◆ **How to complete this task**
Find the line in the entries below that contains "vidaXL acél és". Repeat it exactly, and every line after it through the line that contains "photo of plaster".

(Saved data entries)
*** Block opens ***

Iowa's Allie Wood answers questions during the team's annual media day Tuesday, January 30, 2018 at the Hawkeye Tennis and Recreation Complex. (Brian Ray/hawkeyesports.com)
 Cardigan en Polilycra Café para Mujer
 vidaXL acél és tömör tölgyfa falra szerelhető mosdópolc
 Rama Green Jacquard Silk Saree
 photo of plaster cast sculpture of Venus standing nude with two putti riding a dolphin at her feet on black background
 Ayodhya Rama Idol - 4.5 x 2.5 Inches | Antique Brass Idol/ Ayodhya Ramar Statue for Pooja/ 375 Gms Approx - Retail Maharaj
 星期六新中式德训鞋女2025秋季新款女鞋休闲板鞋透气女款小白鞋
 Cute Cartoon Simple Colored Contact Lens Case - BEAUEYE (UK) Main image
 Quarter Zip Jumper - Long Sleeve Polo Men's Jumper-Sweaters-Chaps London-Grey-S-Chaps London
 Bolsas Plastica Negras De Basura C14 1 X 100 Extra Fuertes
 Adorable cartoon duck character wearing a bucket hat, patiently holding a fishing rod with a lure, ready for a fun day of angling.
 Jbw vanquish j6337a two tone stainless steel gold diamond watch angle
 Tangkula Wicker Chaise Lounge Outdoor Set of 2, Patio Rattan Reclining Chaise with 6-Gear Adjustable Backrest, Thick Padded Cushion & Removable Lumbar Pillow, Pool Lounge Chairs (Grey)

*** Block closes ***

◆ **Answer to this problem**
 vidaXL acél és tömör tölgyfa falra szerelhető mosdópolc
 Rama Green Jacquard Silk Saree
 photo of plaster cast sculpture of Venus standing nude with two putti riding a dolphin at her feet on black background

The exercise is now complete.